When having development conversations with employees, minimize the use of email for detailed conversations, a change in direction, new thoughts or for following up on mistakes. Email allows for misinterpretation and does not ensure understanding or alignment. Be sure to encourage employees as they progress on tasks, especially when they are new and you see them do things right. If you are following up on a mistake, try these simple steps:
- Focus on what is going right first. This sets the tone of the conversation and allows the person to feel safe and appreciated.
- Next speak to the issue at hand and ask what they think they should have done to give them a chance to correct it. If it was beyond their abilities, give them something within their means.
- Repeat back in a paraphrased way what they said and what is agreed to so you can ensure understanding and alignment.
- Voicing your confidence in them even though they made a mistake allows them to feel they can accomplish what is asked.
- Follow up frequently to see that the mistake is corrected and the employee is back on track.
If you must have a difficult conversation, ask for our detailed best practice sheet. The condensed steps are below:
- Prepare ahead of time. Think of a specific example you want to cover. Consider how the person may react by thinking about their personality and their current situation. Prepare yourself with discussion options.

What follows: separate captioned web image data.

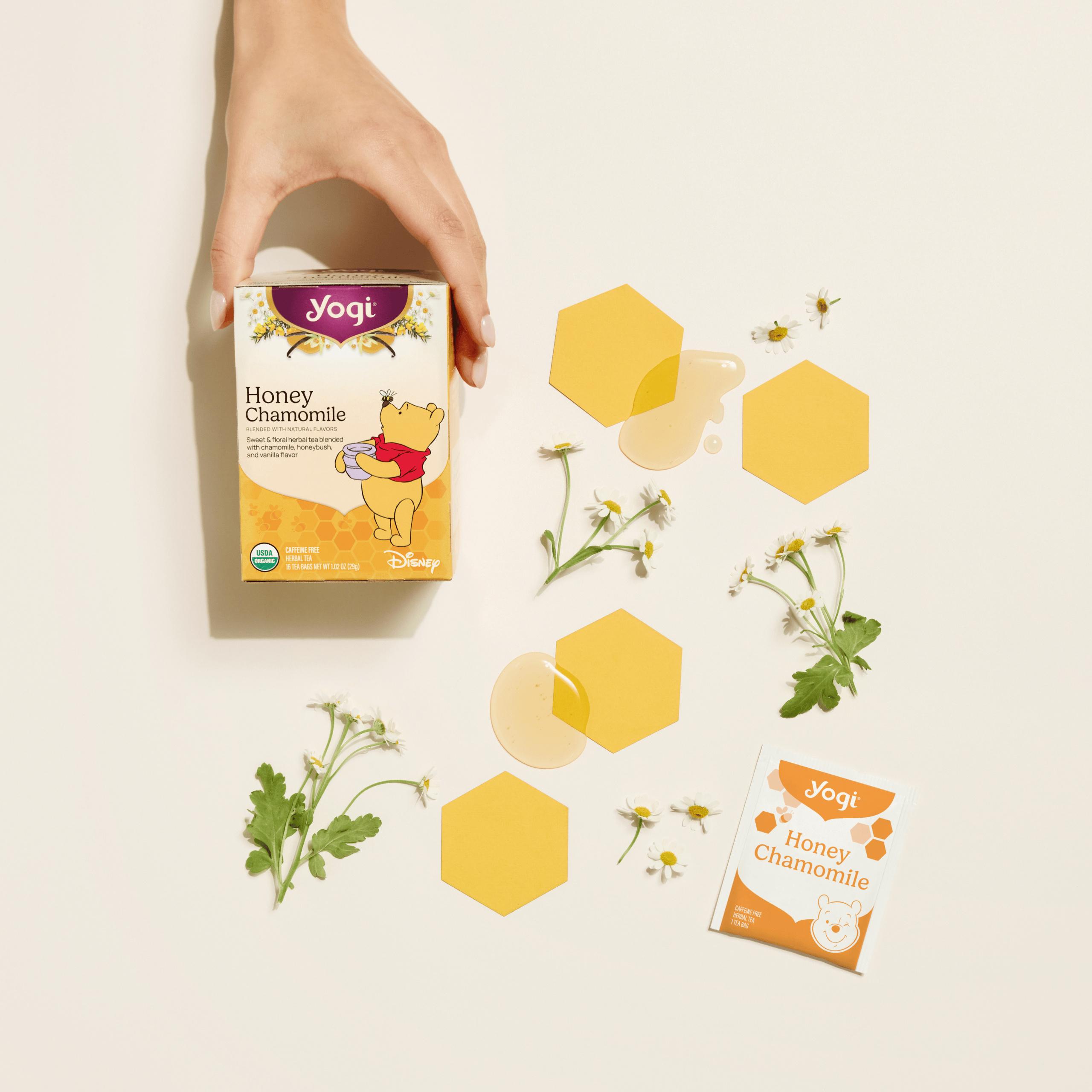 A top-down view of a hand placing a box of Yogi Honey Chamomile tea onto a cream-colored surface, decorated with individual tea envelopes and fresh chamomile sprigs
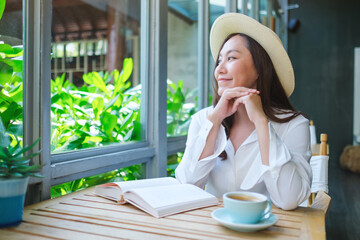 Portrait image of a beautiful young woman with hat while reading book and drinking coffee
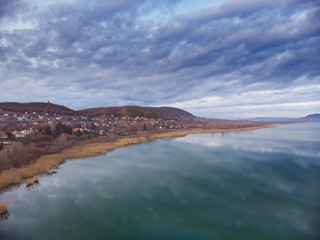Fototapeta na wymiar Nice clouds reflection on the lake Balaton in Hungary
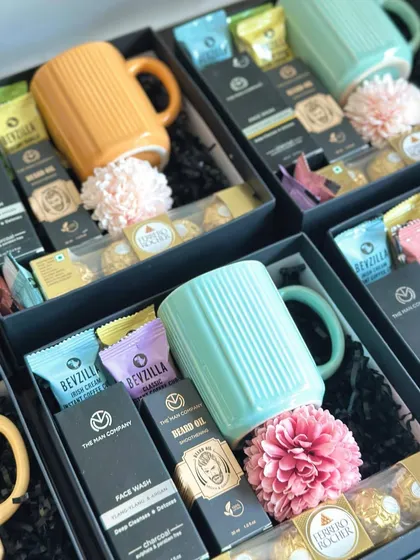A great mix of practical and fun for the groomsmen. This hamper includes a face wash and beard oil from The Man Company, a bright mug, coffee cubes, and chocolates.
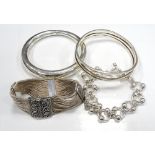 FOUR SILVER BRACELETS AND BANGLES including a multi chain bracelet with decorative relief scroll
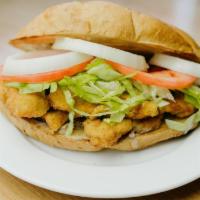 Torta De Milanesa · Breaded beef or chicken, with beans, lettuce, tomatoes, onions, guacamole, and mayonnaise, s...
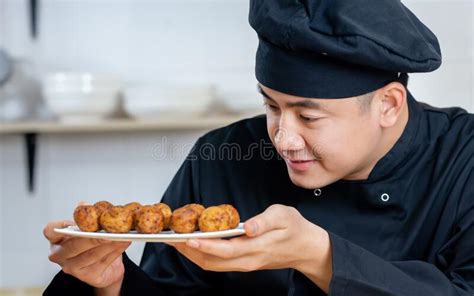 Portrait Close Up Handsome Professional Japanese Male Chef Wearing Black Uniform Hat Cooking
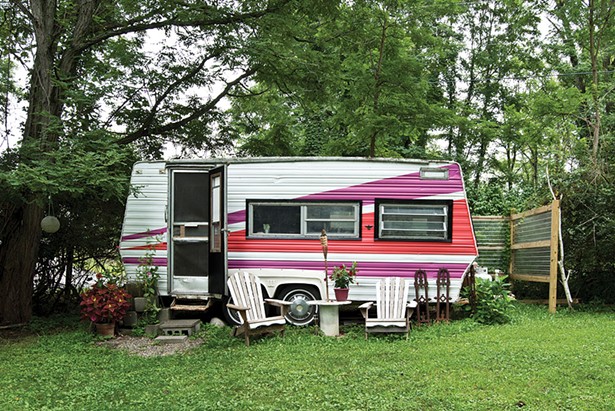 Covelli and Truscott’s 17-foot 1982 Wilderness Camper is tucked away on a corner of their five-and-a-half-acre property. Bought secondhand in New Jersey, they drove it Upstate during a tornado and fully renovated it last year. Now it includes a sleeping area, kitchenette, and lounge. - DEBORAH DEGRAFFENREID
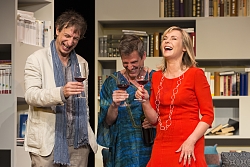 Drei Schauspieler, zwei Männer und eine Frau, stehen, modern gekleidet, zusammen und trinken ein Glas Wein.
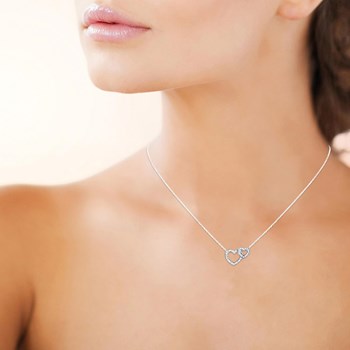Ketting 2 harten 2 maten bezet met zirkonium oxides Zilver 925 Gerhodineerd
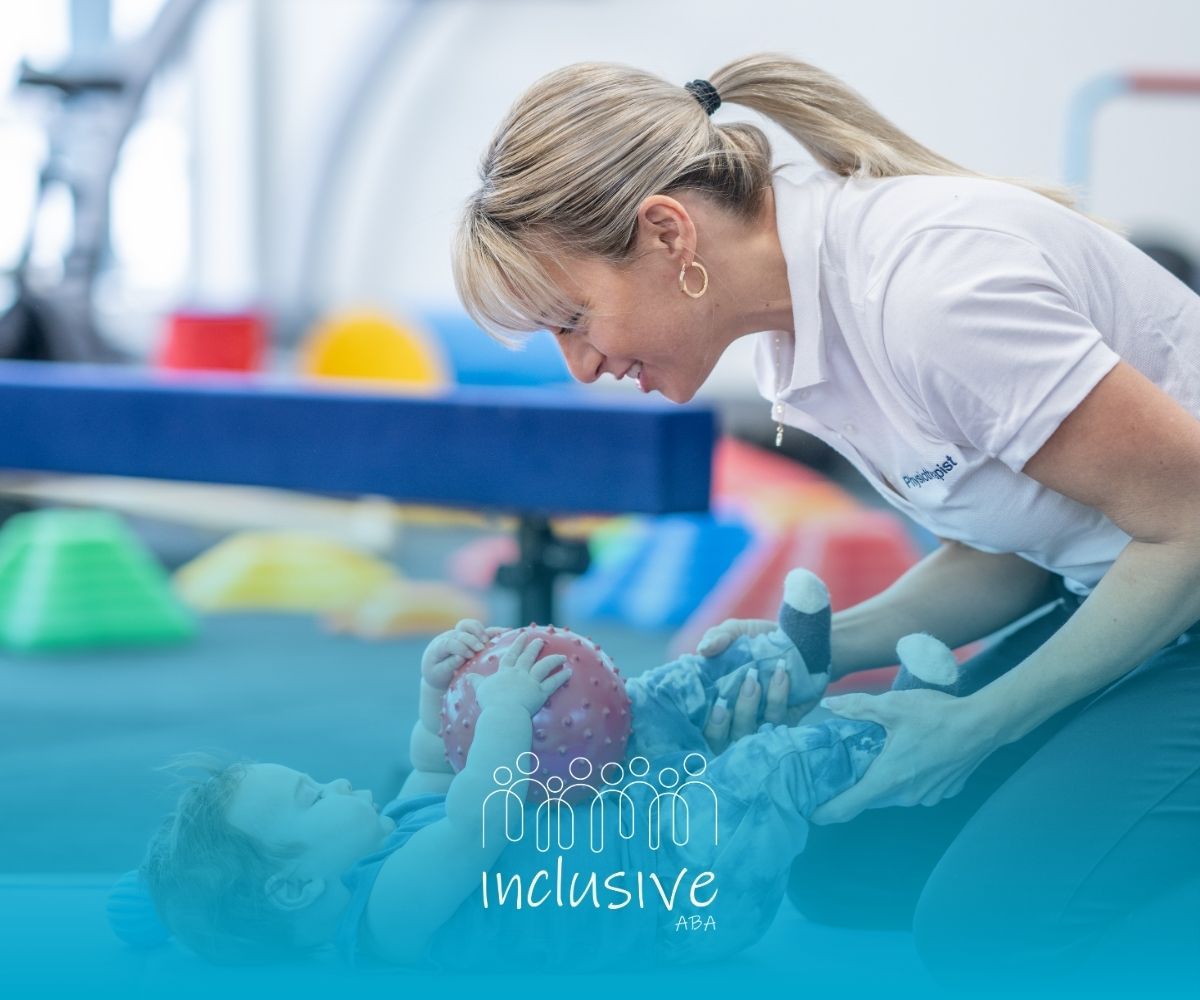 Caregiver leaning over a child on a gym mat, helping them play with a red ball in a colorful playroom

- Schedule the meeting and think about the best environment to hold the discussion to put the person at ease. You need them to stay open to input.
- State your issue with facts only explaining why this is important.

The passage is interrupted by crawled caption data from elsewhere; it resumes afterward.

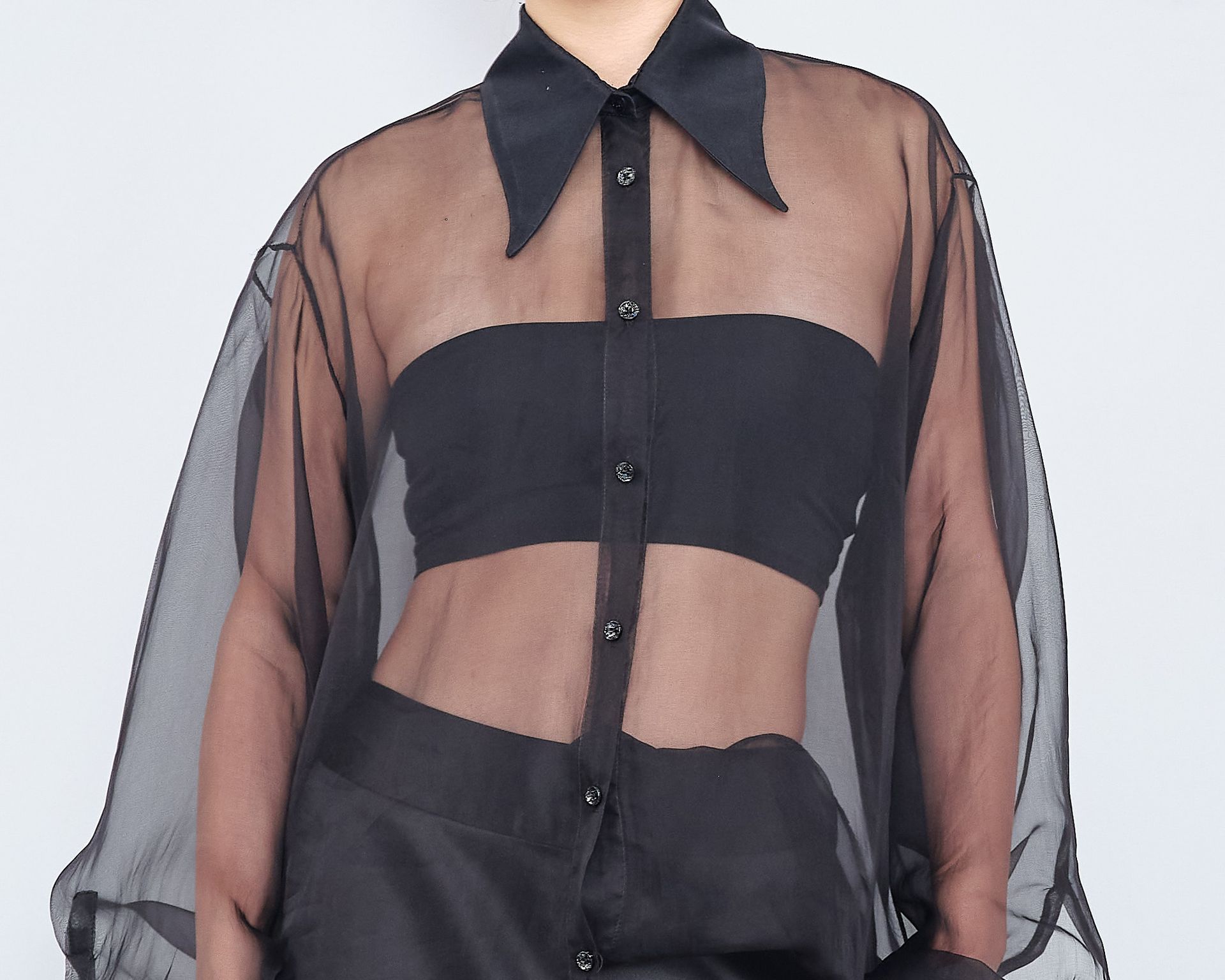 A woman is wearing a black shirt with sheer sleeves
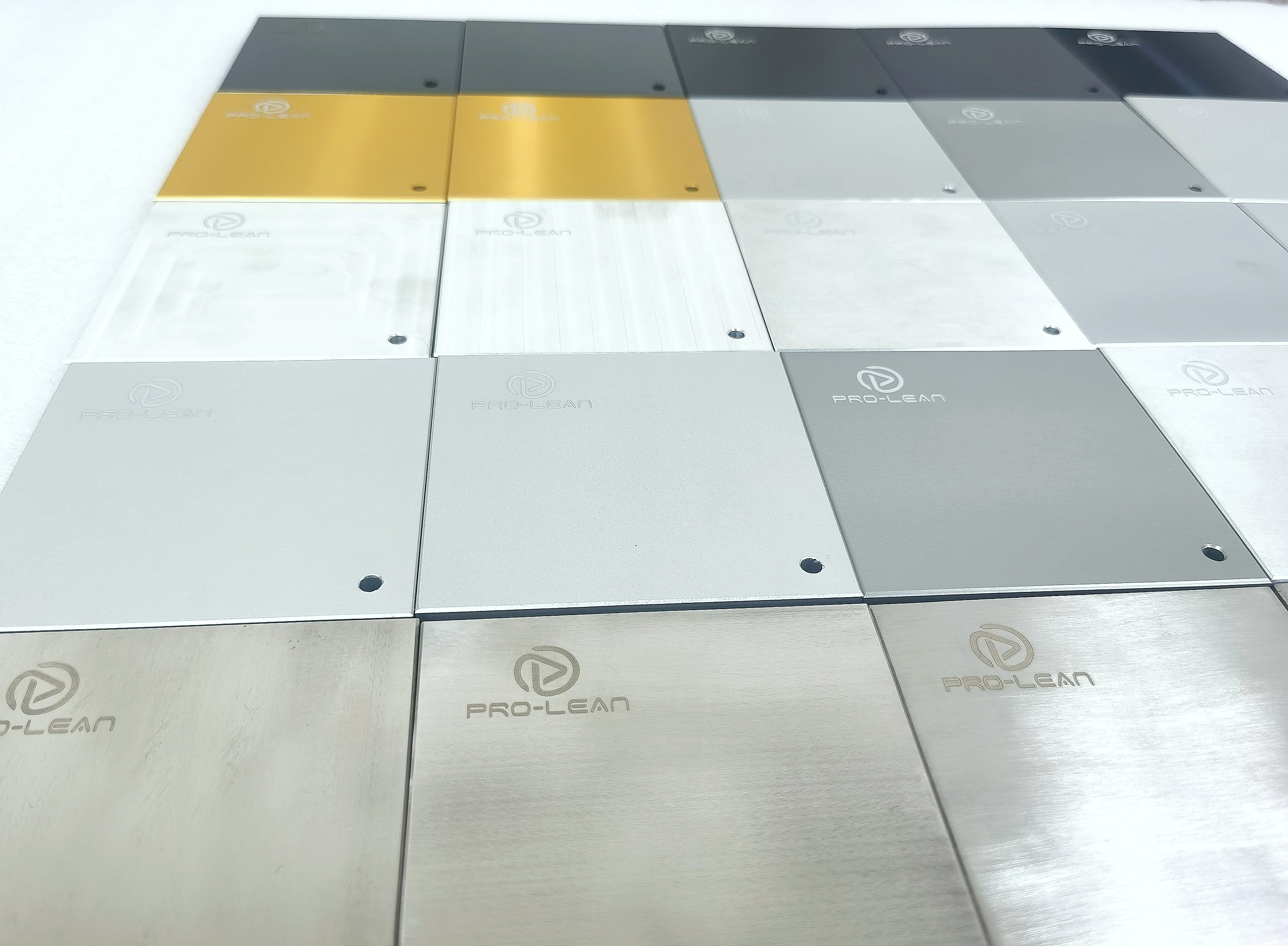 A row of metal test pieces showing different surface finishes from matte to reflective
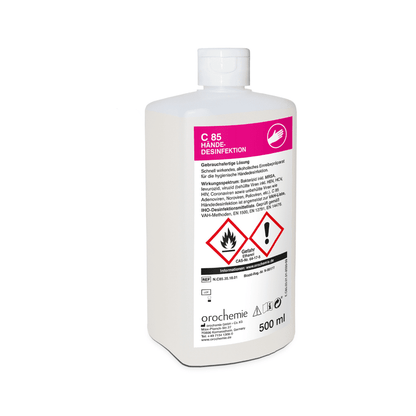 Uma garrafa de plástico branca de 500 ml com a inscrição "Orochemie C 85 Desinfetante para as mãos" da empresa orochemie GmbH + Co KG possui no rótulo frontal e na tampa fechada instruções de uso em alemão, símbolos de perigo e avisos de segurança, indicando que se trata de um produto para desinfecção higiênica das mãos.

- Ask for their input about the situation.
- Ask open ended questions and clarify until you fully understand their view.
- Ask to offer your alternate input if different from theirs. Make it safe for them to say yes by showing you are on their side and want to help.
- Discuss back and forth to get alignment on what is possible. Try to get as many of their ideas for fixing the situation as possible. This allows them to feel empowered and keep ownership.
- Agree on next steps and timelines.
- Thank them for their input and support and end by showing your confidence in them.